## What is required
Include only the line with "mon-chateau-luxe-faux-fur-black-rug-level-up-appliances-more" and the lines after it, each reproduced exactly as it stands in the entries below.

## Records supplied
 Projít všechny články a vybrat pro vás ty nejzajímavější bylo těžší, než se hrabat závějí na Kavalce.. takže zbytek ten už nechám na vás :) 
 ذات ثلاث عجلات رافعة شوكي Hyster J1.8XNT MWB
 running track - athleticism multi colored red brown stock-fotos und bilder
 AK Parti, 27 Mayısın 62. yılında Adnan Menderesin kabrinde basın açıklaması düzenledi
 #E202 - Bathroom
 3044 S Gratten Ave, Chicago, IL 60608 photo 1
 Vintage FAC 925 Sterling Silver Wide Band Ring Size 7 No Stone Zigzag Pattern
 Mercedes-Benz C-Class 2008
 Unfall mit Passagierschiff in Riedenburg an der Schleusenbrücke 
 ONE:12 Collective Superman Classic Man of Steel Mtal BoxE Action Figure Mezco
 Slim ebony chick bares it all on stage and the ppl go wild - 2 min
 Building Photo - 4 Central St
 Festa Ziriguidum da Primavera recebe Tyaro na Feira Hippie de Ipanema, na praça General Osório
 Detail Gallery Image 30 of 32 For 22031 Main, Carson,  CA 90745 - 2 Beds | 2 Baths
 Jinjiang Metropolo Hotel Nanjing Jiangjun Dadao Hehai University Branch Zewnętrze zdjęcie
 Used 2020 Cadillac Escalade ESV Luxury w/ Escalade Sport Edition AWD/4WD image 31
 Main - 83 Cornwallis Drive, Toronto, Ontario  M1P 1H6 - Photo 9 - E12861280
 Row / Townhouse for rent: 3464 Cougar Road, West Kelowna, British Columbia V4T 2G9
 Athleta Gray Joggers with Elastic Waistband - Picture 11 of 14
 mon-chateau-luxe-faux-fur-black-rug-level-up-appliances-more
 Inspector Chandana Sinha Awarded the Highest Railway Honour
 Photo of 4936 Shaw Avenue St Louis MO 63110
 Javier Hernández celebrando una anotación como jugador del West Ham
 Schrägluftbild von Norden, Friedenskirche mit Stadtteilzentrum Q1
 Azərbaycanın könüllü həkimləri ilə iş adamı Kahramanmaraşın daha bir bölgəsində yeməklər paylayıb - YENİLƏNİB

## Exercise answer
 mon-chateau-luxe-faux-fur-black-rug-level-up-appliances-more
 Inspector Chandana Sinha Awarded the Highest Railway Honour
 Photo of 4936 Shaw Avenue St Louis MO 63110
 Javier Hernández celebrando una anotación como jugador del West Ham
 Schrägluftbild von Norden, Friedenskirche mit Stadtteilzentrum Q1
 Azərbaycanın könüllü həkimləri ilə iş adamı Kahramanmaraşın daha bir bölgəsində yeməklər paylayıb - YENİLƏNİB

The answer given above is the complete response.